Judy collins Spellbound (Cleopatra Records) Augen zu und hören! Es erklingt eine der souveränsten, nie alternden Stimmen der Gegenwart. Gefühlte 25 Jahre performt hier die 83jährige Judy Collins, deren musikalische Karriere nun schon über 50 Jahren dauert. Ihr Gesang glänzt makellos. Mit Leichtigkeit wechselt sie zwischen den Oktaven als wenn keine Zeit vergangen wäre. Spellbound ist ihr 29. Studioalbum. Mit 12 neuen, modernen Folk Songs und einer neuen Version ihres Evergreens “The Blizzard” als Bonustrack . Obwohl Judy ein halbes Jahrhundert Songs schreibt, leitet es eine Ära ungezügelter Kreativität ein. “Ich wusste immer, dass ich ein Spätzünder bin”, sagt sie lachend.
andrea Motis Loopholes (JazzToJazz) Andrea Motis, geboren 1995, ist eine aufstrebende Musikeri der spanischen Jazzszene. In ihrer Karriere hat sie mit Quincy Jones, Omara Portuondo, Milton Nascimento, Gil Goldstein, the WDR Big Band, Scott Hamilton oder Yo-Yo Ma zusammengearbeitet. Auf Loopholes wagt sich die Trompeterin und Sängerin Anrea Motis an Sounds und Farben aus Funk, Electric Jazz und Neo-Soul. Zu hören sind Christoph Mallinger (Git, Viol, Mand) und Steph Kondert (B. der japanische Keyboarder Big Yuki, Gregory Hutchinson (Dr), Zé Luis Nascimento (Perc) und Gitarrist Raja Kassis. Neben ihren ausgezeichnet entspanntem und mühelosen Solopassagen an der Trompete singt Andrea Motis auf Katalanisch, Spanisch, Portugiesisch und Englisch.

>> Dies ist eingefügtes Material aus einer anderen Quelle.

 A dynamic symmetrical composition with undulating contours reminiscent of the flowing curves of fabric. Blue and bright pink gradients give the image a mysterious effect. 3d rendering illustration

Quadro nueVo Coole Kinderlieder mit coolen Instrumenten (GLM/Edel) Handgemachte Musik für kleine Hörer. Passend zur Lebenswelt der Kinder erklingen Lieder frisch, bunt und märchenhaft. Viel Abwechsung: Film-Melodien (Dschungelbuch) ‚Sendung mit der Maus‘, Einschlaf-Lieder wie ‚Guter Mond‘. Super Mario Odyssey wird zum quirligen Jazz-Arrangement, dann der aus dem Irischen eingedeutschen ‚Wettermann‘ von Lisa Wahlandt als Shanty. „Früher waren wir selber mal Kinder und haben von unseren Großeltern und Müttern Kinderlieder gehört. Jetzt (...) wollen diese Lieder an Euch und unsere eigenen Kinder weitergeben, damit sie nicht verloren gehen. (...) Ihr könnt gerne nach Lust und Laune dazu singen!“
tosca Osam (K7) Dorfmeister und Huber aus Österreich servieren ein 80-Minuten Menü aus verschlungenen Sound Scapes, vertrackten digitalen wie analogen Rhythmus-Pattern, mäandernden Synthi-Schleifen, Samples, auch mal einer Trompete und E-Gitarre, der Gesang wird dabei eher als weiterer Sound-Baustein verwendet. Dub, Electro, House, Jazz, TripHop, Ambient, Down Beat, Space -cool, meditativ, krautig und nicht wirklich von dieser Welt.